O artigo 513, alínea ‘e’ da CLT, atribui aos Sindicatos a tarefa de “impor contribuições a todos aqueles que participam das categorias econômicas ou profissionais ou das profissões liberais representadas.”



 



Art. 513. São prerrogativas dos sindicatos:



(...)



e) impor contribuições a todos aqueles que participam das categorias econômicas ou profissionais ou das profissões liberais representadas. – Sublinhei.



 



Da leitura da norma supra, conclui-se que as contribuições impostas pelas entidades sindicais, neste caso em particular as contribuições assistenciais, somente podem se dirigir àqueles empregados associados do sindicato.



 



Tal assertiva decorre, também, da interpretação sistemática do art. 513 da CLT supra transcrito e dos artigos 8º, incisos IV e V e 5º incisos XVII, XVIII e XX da Constituição Federal de 1988, que estabelecem:



 



Art. 8º É livre a associação profissional ou sindical, observado o seguinte:



(...)



IV - a assembleia geral fixará a contribuição que, em se tratando de categoria profissional, será descontada em folha, para custeio do sistema confederativo da representação sindical respectiva, independentemente da contribuição prevista em lei;



V - ninguém será obrigado a filiar-se ou a manter-se filiado a sindicato;



 



Art. 5º (...)



XVII - é plena a liberdade de associação para fins lícitos, vedada a de caráter paramilitar;



XVIII - a criação de associações e, na forma da lei, a de cooperativas independem de autorização, sendo vedada a interferência estatal em seu funcionamento;



XX - ninguém poderá ser compelido a associar-se ou a permanecer associado;



 



Assim, por ser plena a liberdade de associação para fins lícitos, assim como a desnecessidade de autorização para criação de associação, por ser vedada a interferência estatal em seu funcionamento (art. 5º, XVII e XVIII, CF/88), e, ainda, porque ninguém será compelido a associar-se ou a manter-se associado (art. 5º, XX, CF/88), é consequência lógica que a obrigatoriedade do pagamento da contribuição assistencial atinge apenas os empregados que sejam associados do sindicato.



 



Seguindo essa linha de raciocínio, Sérgio Pinto Martins infere que o empregado não associado ou não-filiado ao sindicato pode opor-se ao seu desconto, “pois do contrário haveria violação ao princípio da liberdade sindical. Já o associado terá de pagar a contribuição, justamente em função de sua condição de sindicalizado”.(In: Direito do Trabalho, 16ª Ed., Editora Atlas – São Paulo> 2002, p. 695). 



 



Corroboram com esse entendimento o Precedente nº 119 e a Orientação Jurisprudencial nº 17, ambos da Seção de Dissídios Coletivos do E. Tribunal Superior do Trabalho:



 



PN-119 CONTRIBUIÇÕES SINDICAIS - INOBSERVÂNCIA DE PRECEITOS CONSTITUCIONAIS – (nova redação dada pela SDC em sessão de 02.06.1998 - homologação Res. 82/1998, DJ 20.08.1998)
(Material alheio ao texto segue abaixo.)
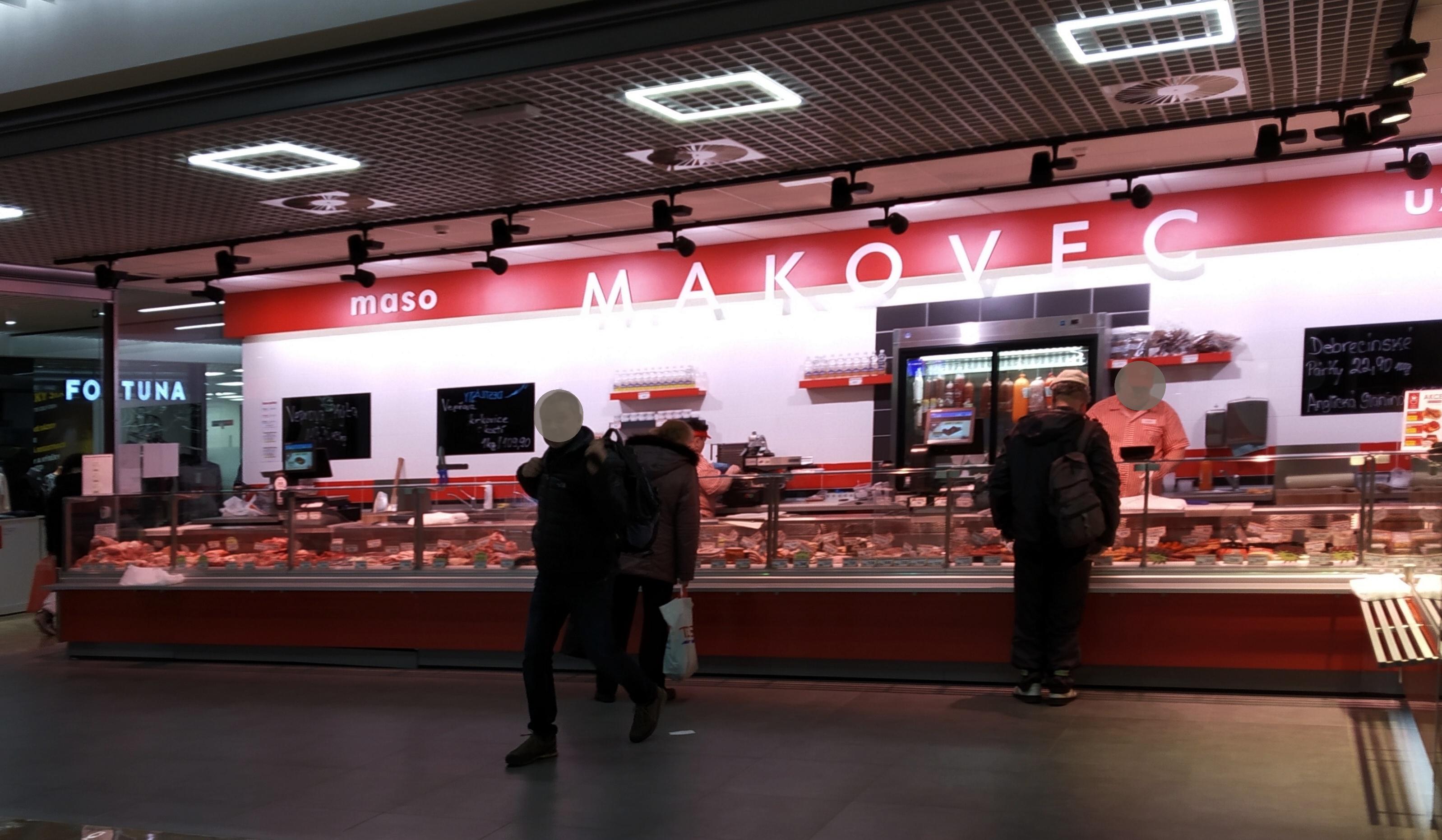 Makovec - maso uzeniny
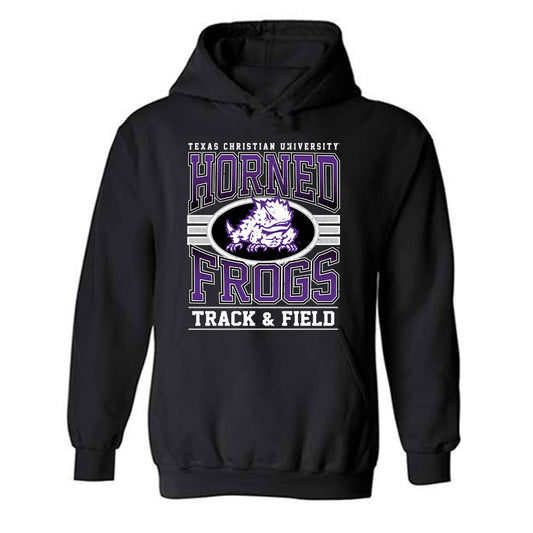 TCU - NCAA Men's Track & Field : Drew Oliver - Classic Fashion Shersey Hooded Sweatshirt-0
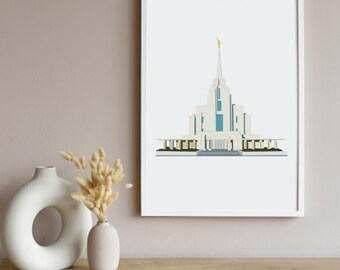 Rexburg Temple Print - Etsy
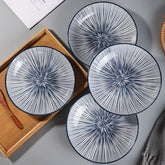 Japanese Elegant Underglaze Color Ceramic Dinnerware Set | Yedwo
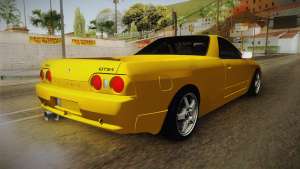 Nissan Skyline R32 Pickup for GTA San Andreas - rear view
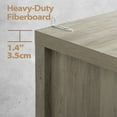 thumbnail image 3 of ARKANTOS 5 Shelf Bookcase with Doors Adjustable Shelf and Storage Cabinet Light Gray Oak, 3 of 7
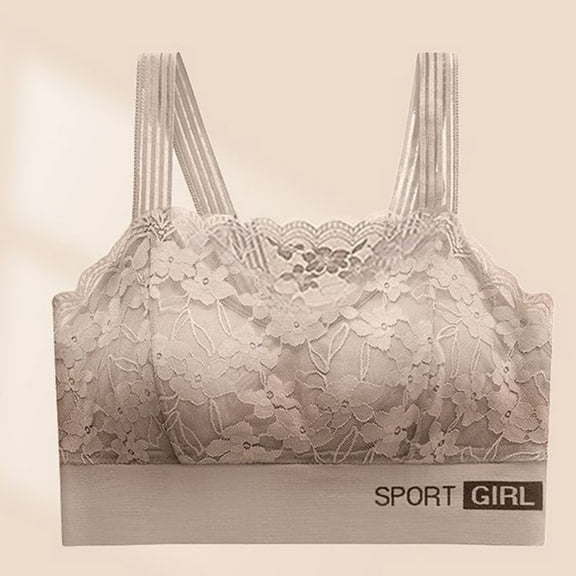 GaThRRgYP Lingerie Women,Women's Solid Color Fashion Lace Gathering Large Chest without Steel Ring Back underwear Daily Bra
"A Constituição da República, em seus arts. 5º, XX e 8º, V, assegura o direito de livre associação e sindicalização. É ofensiva a essa modalidade de liberdade cláusula constante de acordo, convenção coletiva ou sentença normativa estabelecendo contribuição em favor de entidade sindical a título de taxa para custeio do sistema confederativo, assistencial, revigoramento ou fortalecimento sindical e outras da mesma espécie, obrigando trabalhadores não sindicalizados. Sendo nulas as estipulações que inobservem tal restrição, tornam-se passíveis de devolução os valores irregularmente descontados."



 



17. CONTRIBUIÇÕES PARA ENTIDADES SINDICAIS. INCONSTITUCIONALIDADE DE SUA EXTENSÃO A NÃO ASSOCIADOS. (mantida) - DEJT divulgado em 25.08.2014



-As cláusulas coletivas que estabeleçam contribuição em favor de entidade sindical, a qualquer título, obrigando trabalhadores não sindicalizados, são ofensivas ao direito de livre associação e sindicalização, constitucionalmente assegurado, e, portanto, nulas, sendo passíveis de devolução, por via própria, os respectivos valores eventualmente descontados-.



 



Desse modo, a contribuição assistencial, assim como qualquer outra contribuição associativa, ainda que prevista em norma coletiva, só pode ser descontada pelo empregador, em relação aos não associados, mediante expressa autorização do empregado.



*Advogada. Especialista em Direito Tributário e em Direito do Trabalho e Processo do Trabalho. Sócia da Bianchi Advocacia.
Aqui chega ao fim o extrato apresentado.